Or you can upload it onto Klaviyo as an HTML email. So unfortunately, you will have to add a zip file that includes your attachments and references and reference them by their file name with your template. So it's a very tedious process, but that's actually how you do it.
########################################
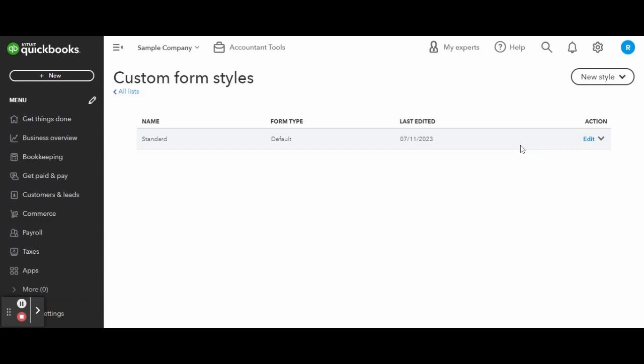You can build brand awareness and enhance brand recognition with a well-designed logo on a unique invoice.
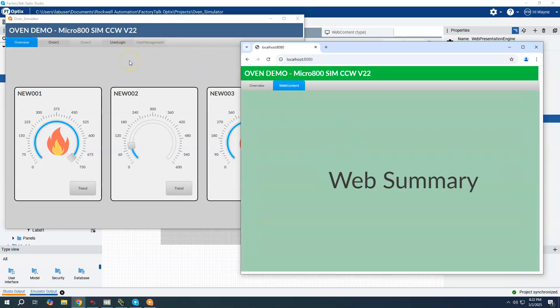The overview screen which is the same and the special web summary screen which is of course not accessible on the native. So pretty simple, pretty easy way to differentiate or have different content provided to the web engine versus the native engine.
########################################
Task statement: Nothing but the lines from the one containing "You can build" through the one containing "The overview screen" should appear, copied exactly from the material above and without pictures.

Your solution:
You can build brand awareness and enhance brand recognition with a well-designed logo on a unique invoice.
The overview screen which is the same and the special web summary screen which is of course not accessible on the native. So pretty simple, pretty easy way to differentiate or have different content provided to the web engine versus the native engine.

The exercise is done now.